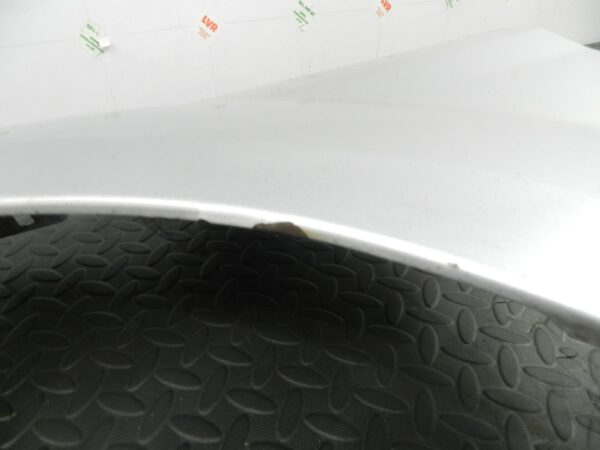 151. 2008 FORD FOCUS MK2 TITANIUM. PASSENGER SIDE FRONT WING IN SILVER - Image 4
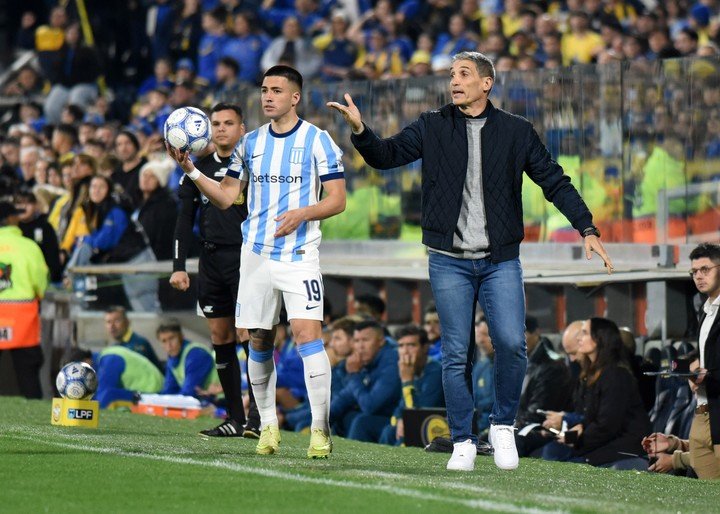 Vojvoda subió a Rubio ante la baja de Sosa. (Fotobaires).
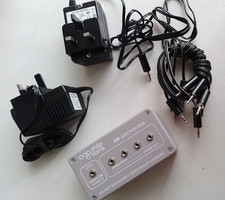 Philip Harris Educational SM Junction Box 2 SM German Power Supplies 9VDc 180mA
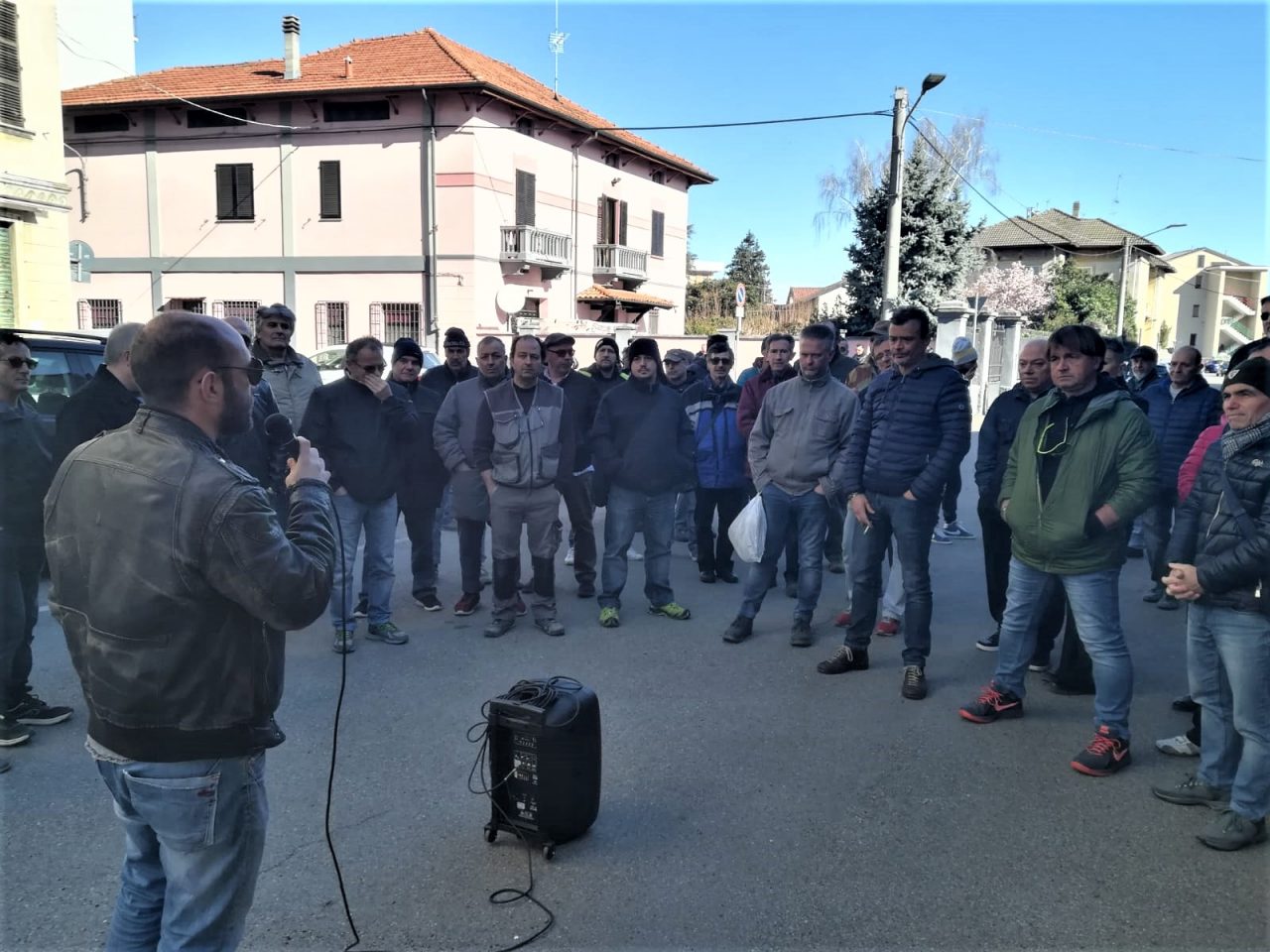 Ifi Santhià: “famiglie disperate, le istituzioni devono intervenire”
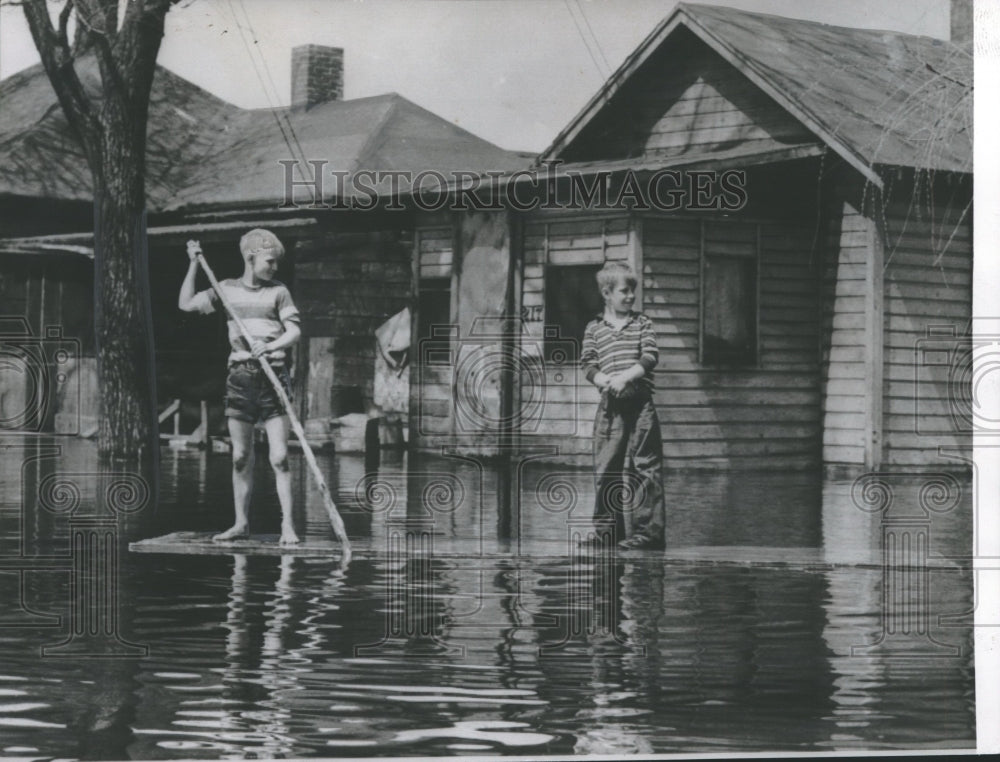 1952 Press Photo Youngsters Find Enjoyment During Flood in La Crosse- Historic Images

————————

*WHAT YOU SHOULD DO*. Please return, without any change, the lines from the line containing "Philip Harris Educational" through the last line of the entries, dropping the pictures.

*ANSWER TO THE PROBLEM*.
 Philip Harris Educational SM Junction Box 2 SM German Power Supplies 9VDc 180mA
 Ifi Santhià: “famiglie disperate, le istituzioni devono intervenire”
 1952 Press Photo Youngsters Find Enjoyment During Flood in La Crosse- Historic Images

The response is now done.